In this study, pilot-scale hybrid constructed wetlands (CWs) and multistage horizontal subsurface flow CWs (HF CWs) have been studied and compared for the treatment of raw urban wastewater. In the hybrid CWs, the first stage was a mulch-based horizontal subsurface flow CW and the second stage was a vertical subsurface flow CW (VF CW). The VF CWs were used to determine if sand could improve the performance of the hybrid CW with respect to the mulch. In the multistage HFs, mulch, gravel and sand were used as substrates. The effect of water height (HF10: 10 cm vs. HF40: 40 cm) and surface loading rate (SLR: 12 vs. 24 g Chemical Oxygen Demand (COD)/m 2 d) has been studied. The results show that the use of sand in the vertical flow stage of the hybrid CW did not improve the average performance.
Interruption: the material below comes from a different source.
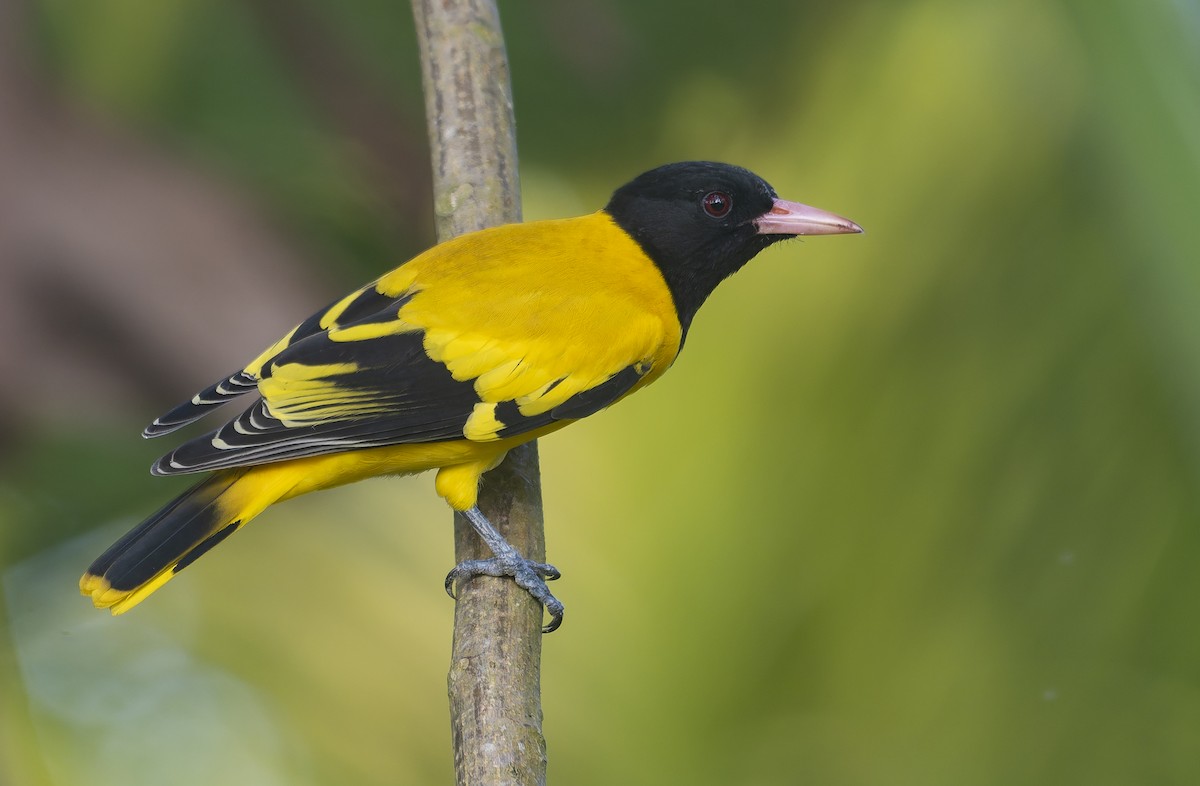 Black-hooded Oriole - ML644138328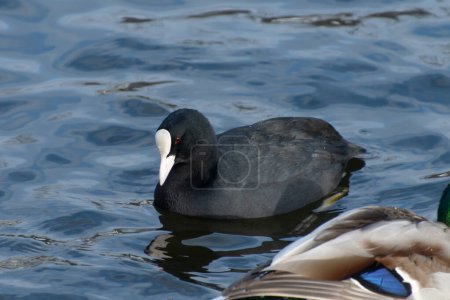 The Eurasian coot (Fulica atra) swims in a pond. Birds in the wild.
Additionally, the sand became clogged, while the mulch did not. The effect of water height on average pollutant removal was not determined but HF10 performed better regarding compliance with legal regulations. With a SLR of 12 g COD/m 2 d, removals of HF10 were: 79% for COD, 75% for NH 4 + -N, 53% for dissolved molybdate-reactive phosphate-P (DRP), 99% for turbidity and 99.998% for E. coli and total coliforms. When SLR was doubled, removals decreased for NH 4 + -N: 49%, DRP: −20%, E coli and total coliforms: 99.5–99.9%, but not for COD (85%) and turbidity (99%). Considering the obtained results and the simplicity of the construction and operation of HFs, HF10 would be the most suitable choice for the treatment of raw urban wastewater without clogging problems.

Suggested Citation

  • José Alberto Herrera-Melián & Mónica Mendoza-Aguiar & Rayco Guedes-Alonso & Pilar García-Jiménez & Marina Carrasco-Acosta & Ezio Ranieri, 2020. "Multistage Horizontal Subsurface Flow vs. Hybrid Constructed Wetlands for the Treatment of Raw Urban Wastewater," Sustainability, MDPI, vol. 12(12), pages 1-15, June.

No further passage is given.